Health care spending grew at the fastest rate in three decades in the first quarter of the year, boosting GDP growth by 1.1 percentage points — enough to lift the overall economy from contraction to modest 0.1 percent expansion.

The Bureau of Economic Analysis (BEA) said Wednesday that health care spending grew by 9.9 percent — the fastest surge since the third quarter of 1980, when spending on health care shot up by 10 percent.

Related: The Truth About Rising Health Care Costs

In a note accompanying the data release, the BEA said the jump reflected “additional spending associated with the implementation of the Affordable Care Act.” The agency noted, though, that because the preliminary data used in preparing the GDP report did not reflect the effects of Obamacare, its estimates of health care spending were based on Medicaid benefits, enrollment data from the new insurance exchanges and other information. That means the data could be heavily revised in the next two months.

“Obamacare is boosting consumption,” Ian Shepherdson, the chief economist at Pantheon Macroeconomics, said in a note. “Sharply increased health care spending, presumably due to the opening of the insurance exchanges, gave a hefty boost to Q1 consumption.”

Health Spending

So far, under the law, more than 8 million people have signed up for coverage on the state or federal exchanges, and millions more have gained coverage through the law’s Medicaid expansion. Of course, about a million of those signed up in late March and the special two-week enrollment period in April, meaning the uptick in health spending may continue in the second quarter.

The White House was quick to note that while health care spending jumped, the growth in health care prices has been much tamer, at 0.9 percent year over year.

“Ensuring access to care is a key goal of the Affordable Care Act’s coverage expansion, so this increase in utilization is neither a surprise, nor a cause for concern,” Jason Furman, chairman of the Council of Economic Advisers, wrote in a post on the White House blog. “Furthermore, any upward pressure on health care spending growth from expanding insurance coverage will cease once coverage stabilizes at its new, higher level, so it does not affect the longer-term outlook for spending growth.”
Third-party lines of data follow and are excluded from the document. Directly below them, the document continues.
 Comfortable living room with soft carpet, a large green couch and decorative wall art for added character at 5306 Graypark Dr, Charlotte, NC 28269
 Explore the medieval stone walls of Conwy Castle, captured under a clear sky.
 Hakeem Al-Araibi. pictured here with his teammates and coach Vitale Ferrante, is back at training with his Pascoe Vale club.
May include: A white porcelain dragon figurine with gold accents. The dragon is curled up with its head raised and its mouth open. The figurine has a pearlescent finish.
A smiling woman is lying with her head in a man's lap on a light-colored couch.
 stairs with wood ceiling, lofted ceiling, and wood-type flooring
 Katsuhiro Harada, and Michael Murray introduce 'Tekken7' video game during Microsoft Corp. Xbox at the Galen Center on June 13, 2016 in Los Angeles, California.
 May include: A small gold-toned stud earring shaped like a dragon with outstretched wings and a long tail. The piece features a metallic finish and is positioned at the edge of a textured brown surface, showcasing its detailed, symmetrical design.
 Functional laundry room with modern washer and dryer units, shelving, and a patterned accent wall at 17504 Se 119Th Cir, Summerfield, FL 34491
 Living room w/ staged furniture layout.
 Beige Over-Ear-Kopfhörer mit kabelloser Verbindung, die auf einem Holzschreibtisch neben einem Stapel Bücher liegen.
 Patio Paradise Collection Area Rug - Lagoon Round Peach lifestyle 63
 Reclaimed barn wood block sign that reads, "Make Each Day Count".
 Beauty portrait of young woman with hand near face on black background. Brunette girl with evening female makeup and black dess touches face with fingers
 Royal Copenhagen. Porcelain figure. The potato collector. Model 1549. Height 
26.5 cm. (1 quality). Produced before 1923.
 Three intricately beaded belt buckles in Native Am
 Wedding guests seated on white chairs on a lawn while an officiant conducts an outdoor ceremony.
Shepherdson noted that overall consumption rose at a 3.0 percent rate, but nearly half of it was due to the leap in health care spending. (Spending on housing and utilities added 0.7 percentage points to GDP, as Americans spent more to heat their homes during the frigid winter months.)

Related: Recession Keeps Health Care Spending in Check

“The detailed consumption data for Jan/Feb show spending on both doctors and hospital services, which dominate the health care services component of GDP, began to accelerate rapidly last fall,” Shepherdson said. “Both are now running at more than twice their pre-Obamacare trend, indicating that pent-up/hidden demand or health care was huge. Next question: How long will it last?”

Health care spending rose throughout 2013 but jumped a more dramatic 5.6 percent in the fourth quarter of last year, which at the time represented the fastest rate since 2004.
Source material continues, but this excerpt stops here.